The controller can be a computer device having a processor connected to a non-transitory computer readable medium having code stored thereon that can be executed by the processor. The processor of the controller can also be communicatively connected to at least one transceiver for communications with the sensor(s) and other process control elements. A user device can also be communicatively connected to the controller to provide input to the controller or receive output from the controller. The user device may be, for example, a laptop computer, smart phone, tablet, or other computer device that an operator may utilize to visually see a graphical user interface to monitor data collected by the controller and to adjust setpoints or other control parameters the controller may utilize. The user may utilize at least one input device and/or at least one output device of the user device (e.g. a pointer device, a keyboard, a touch screen, a printer, etc.) to facilitate communication of input to the controller or receipt of data from the controller for being displayed or otherwise output to the user via the user's device.

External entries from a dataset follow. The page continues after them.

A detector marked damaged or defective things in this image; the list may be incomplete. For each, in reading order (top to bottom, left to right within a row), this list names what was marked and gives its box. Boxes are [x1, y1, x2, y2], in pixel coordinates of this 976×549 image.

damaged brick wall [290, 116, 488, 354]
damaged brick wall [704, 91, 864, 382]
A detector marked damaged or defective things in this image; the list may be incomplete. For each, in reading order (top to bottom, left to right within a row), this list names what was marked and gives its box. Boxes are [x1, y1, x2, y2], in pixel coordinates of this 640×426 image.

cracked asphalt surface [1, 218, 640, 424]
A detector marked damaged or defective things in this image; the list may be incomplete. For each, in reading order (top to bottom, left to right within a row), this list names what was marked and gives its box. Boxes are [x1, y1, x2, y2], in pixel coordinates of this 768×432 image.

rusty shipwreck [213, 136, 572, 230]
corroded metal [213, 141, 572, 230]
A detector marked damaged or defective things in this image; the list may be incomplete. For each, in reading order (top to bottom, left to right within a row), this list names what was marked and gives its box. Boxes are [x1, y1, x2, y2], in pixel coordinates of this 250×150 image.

In a third step S3, at least one pre-selected combustion parameter can be detected as exceeding a pre-selected threshold. Such a parameter can be associated with a poor quality solid fuel material for detection of combustion of high moisture content and/or poor quality solid fuel material. Such a parameter can also, or alternatively, be associated with another problem that may be detrimental to stable combustion of the solid fuel material on the grate 7. In response to detection of such a condition, oxidant can be injected into an intermediate zone(s) of the combustion chamber via at least one oxidant injector OI that is under the grate 7 and also adjacent to and below at least one burner B (e.g. coincident with the burner B and below it, upstream of the burner B and below it, and/or downstream of the burner B and below it). The oxidant that is injected can be a second oxidant that has a higher oxygen content as compared to a first oxidant fed to the combustion chamber via the oxidant outlets 30 of the oxidant distribution system 3 as noted above.

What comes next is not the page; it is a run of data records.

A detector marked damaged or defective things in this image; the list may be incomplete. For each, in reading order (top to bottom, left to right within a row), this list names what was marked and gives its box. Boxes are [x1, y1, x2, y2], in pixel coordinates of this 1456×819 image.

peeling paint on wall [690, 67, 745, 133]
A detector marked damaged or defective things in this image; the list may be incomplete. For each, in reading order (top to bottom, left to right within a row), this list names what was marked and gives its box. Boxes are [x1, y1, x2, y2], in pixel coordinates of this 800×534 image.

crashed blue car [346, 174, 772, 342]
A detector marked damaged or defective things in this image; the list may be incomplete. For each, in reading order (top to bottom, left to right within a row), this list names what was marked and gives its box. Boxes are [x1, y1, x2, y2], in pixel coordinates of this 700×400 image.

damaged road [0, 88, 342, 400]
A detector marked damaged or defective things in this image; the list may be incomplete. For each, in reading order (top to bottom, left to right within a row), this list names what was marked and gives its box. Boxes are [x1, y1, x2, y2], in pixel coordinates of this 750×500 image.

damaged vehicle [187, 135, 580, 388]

The supplying of additional oxidant can be provided in the third step S3 in a zone or zones of the combustion chamber 2 in which pyrolysis (e.g. oxidative pyrolysis) of the solid fuel material may occur while it is being periodically moved along the grate 7 toward the second end 7b of the grate 7. Also, (or alternatively), the injection of the oxidant via at least one oxidant injector OI in step S3 can occur in at least one zone of the combustion chamber 2 adjacent to where the solid fuel material may be combusted and downstream of where the solid fuel material may be dried and/or devolatized (e.g. in a zone or zones in which pyrolysis can occur) to provide makeup oxygen to account for oxygen levels being reduced near such a location due to the use of the oxygen that occurs from combustion of the solid fuel material. In some embodiments, this location for the injection of oxidant via one or more oxidant injectors OI can be in the second zone Z2, at an interface of between the first zone Z1 and the second zone Z2, in the third zone Z3, between the second zone Z2 and the third zone Z3, or at another location in which pyrolysis of the solid fuel material is expected to occur or adjacent to and/or upstream of the location at which the solid fuel material combusts in the combustion chamber 2 (e.g. in the pyrolysis zone(s)).

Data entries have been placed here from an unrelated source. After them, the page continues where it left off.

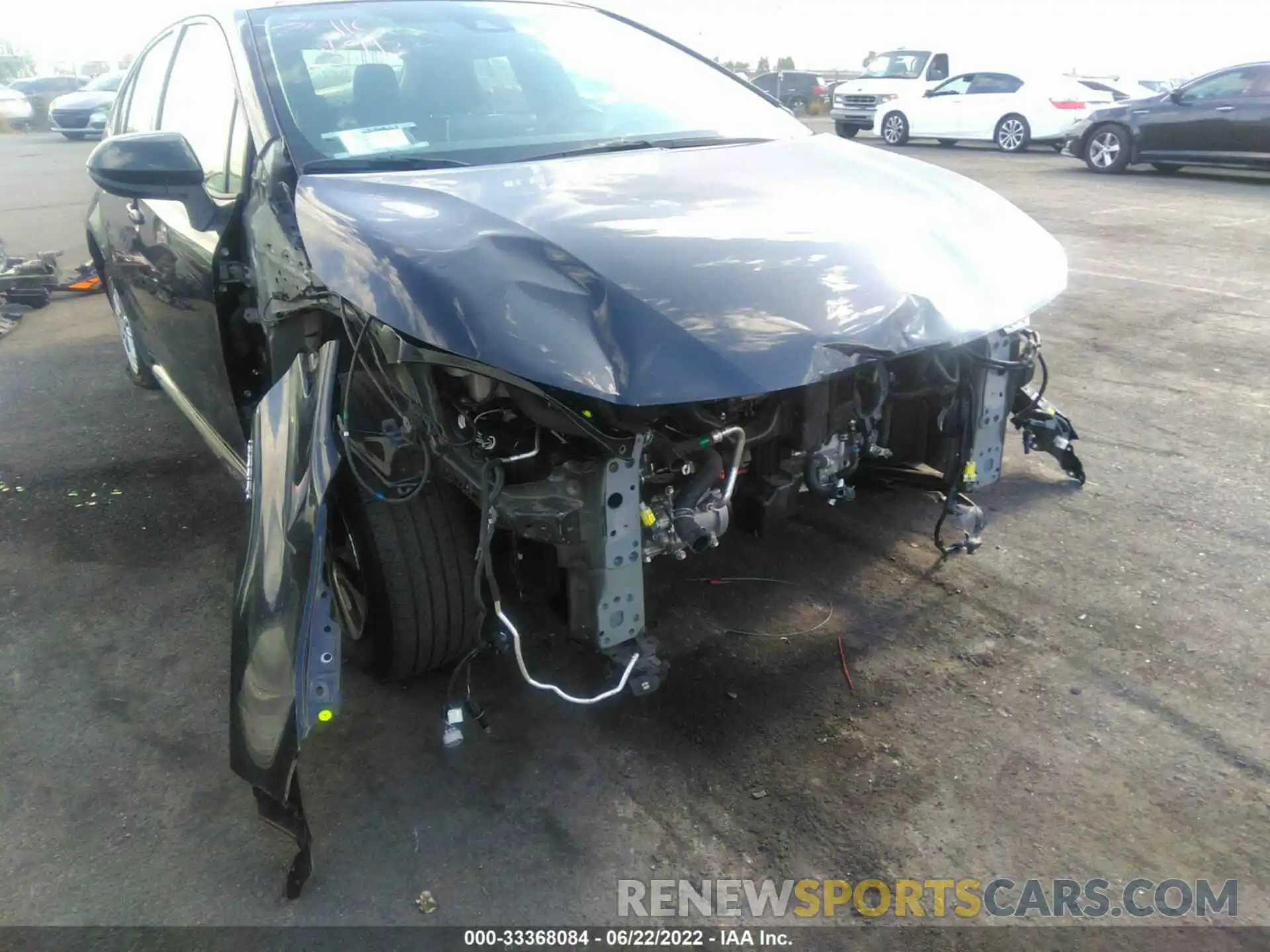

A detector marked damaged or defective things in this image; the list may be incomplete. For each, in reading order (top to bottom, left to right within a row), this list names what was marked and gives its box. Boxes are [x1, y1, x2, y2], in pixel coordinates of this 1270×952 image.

crumpled fender [227, 340, 337, 898]
damaged dark blue sedan [84, 0, 1087, 898]
crumpled car hood [294, 133, 1062, 403]
dent in hood [292, 135, 1066, 406]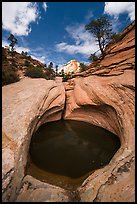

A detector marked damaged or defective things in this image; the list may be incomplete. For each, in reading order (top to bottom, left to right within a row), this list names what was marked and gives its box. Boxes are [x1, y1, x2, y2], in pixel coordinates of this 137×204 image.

circular pothole [26, 120, 120, 190]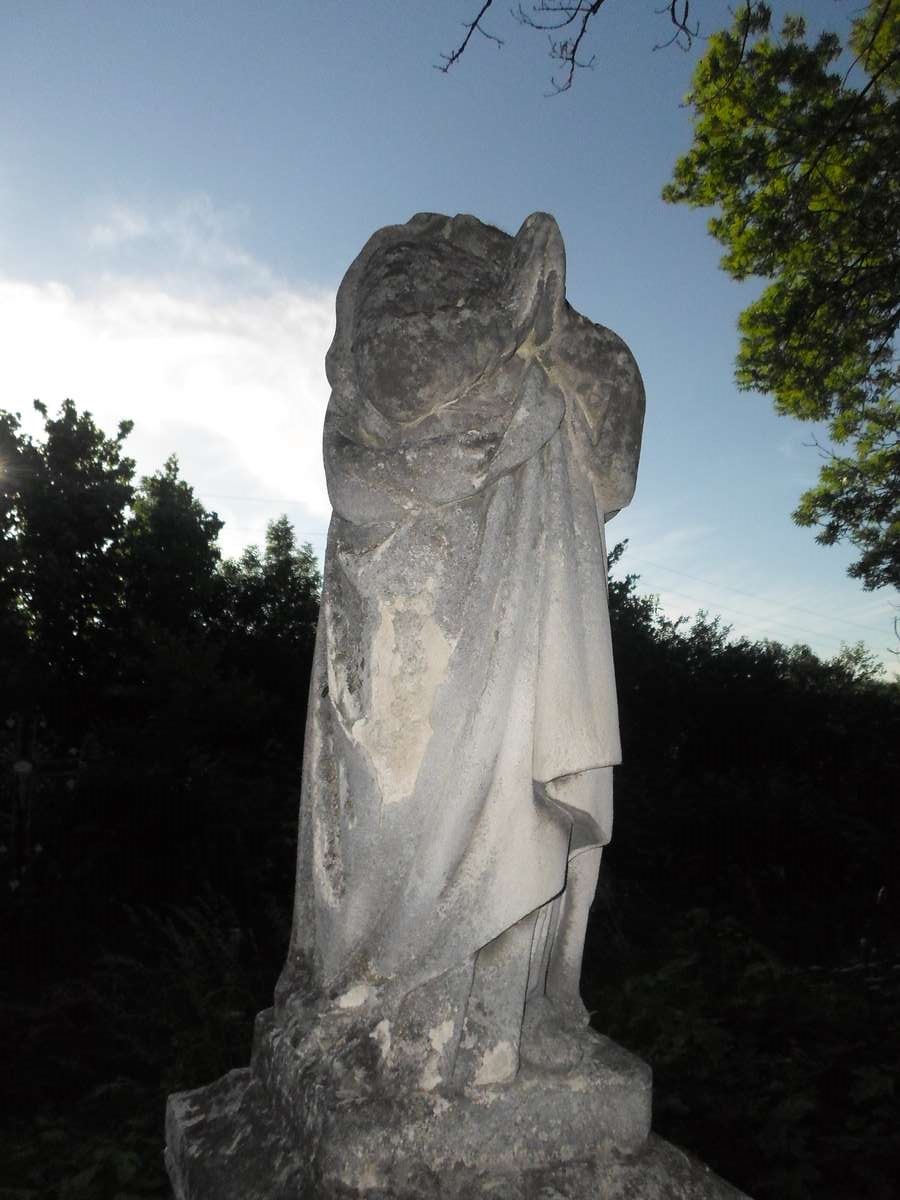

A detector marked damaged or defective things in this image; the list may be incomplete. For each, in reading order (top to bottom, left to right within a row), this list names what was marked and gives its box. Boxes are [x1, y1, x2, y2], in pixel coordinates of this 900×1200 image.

damaged tombstone fragment [163, 216, 752, 1200]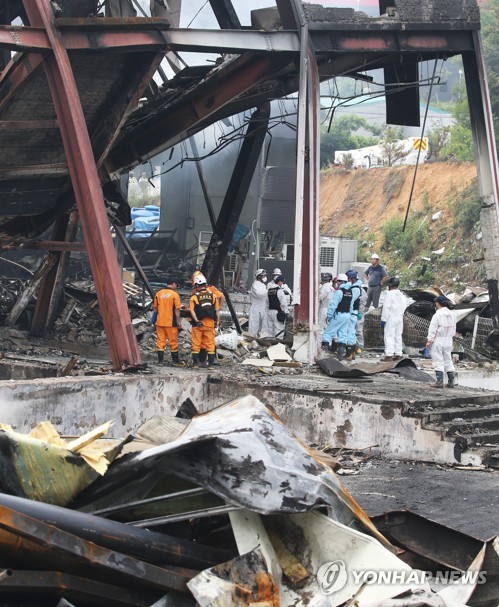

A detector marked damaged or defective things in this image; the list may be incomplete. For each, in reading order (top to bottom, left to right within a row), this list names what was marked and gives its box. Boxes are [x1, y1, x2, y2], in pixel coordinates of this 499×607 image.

rusted girder [23, 0, 141, 370]
bent steel column [24, 0, 142, 368]
rusted steel beam [23, 0, 143, 368]
rusted steel beam [105, 52, 274, 173]
charred metal structure [0, 0, 498, 368]
bent steel column [462, 33, 499, 330]
rusted steel beam [0, 504, 197, 592]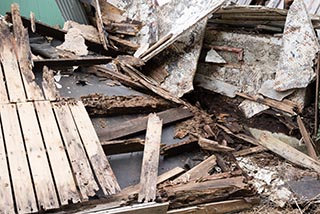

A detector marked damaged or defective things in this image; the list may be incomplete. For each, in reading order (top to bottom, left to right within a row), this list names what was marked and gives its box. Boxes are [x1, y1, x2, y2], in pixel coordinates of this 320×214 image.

As noted above, the injection of oxidant can occur in the combustion chamber below the grate 7 at a location of the one or more oxidant injectors OI that can be coincident with a location of at least one burner B that can be located above the grate 7 (e.g. wall mounted above the grate 7, ceiling mounted above the grate 7, etc.). The injection of oxidant via the oxidant injector(s) OI can alternatively occur via oxidant injectors positioned below the grate 7 that are upstream and/or downstream of the burner(s) B as noted above. The injection of oxidant via the oxidant injector(s) OI can alternatively occur via oxidant injectors in which at least one oxidant injector OI is positioned below the grate 7 at a location that can be coincident with a location of at least one burner B as well as via at least one oxidant injector OI that can be positioned below the grate 7 that is upstream and/or downstream of the burner(s) B as noted above (e.g. there can be upstream oxidant injector(s), downstream oxidant injector(s) and a burner coincident oxidant injector(s), etc.).

The monitoring of the combustion of the solid fuel material may continue during the third step S3 and/or after such a step. In response to detecting that the one or more pre-selected combustion parameters are at or under the pre-selected threshold(s) for the parameter(s), the combustion of the solid fuel material can be considered to have stabilized sufficiently that the oxidant via the oxidant injector(s) OI is no longer necessary. In response to such a detection, the injection of the oxidant via the oxidant injector(s) OI can be deactivated so that only oxidant from the oxidant outlets 30 is provided to facilitate combustion. The process of combustion can then proceed back to the second step S2 for continued monitoring of the combustion of the solid fuel material.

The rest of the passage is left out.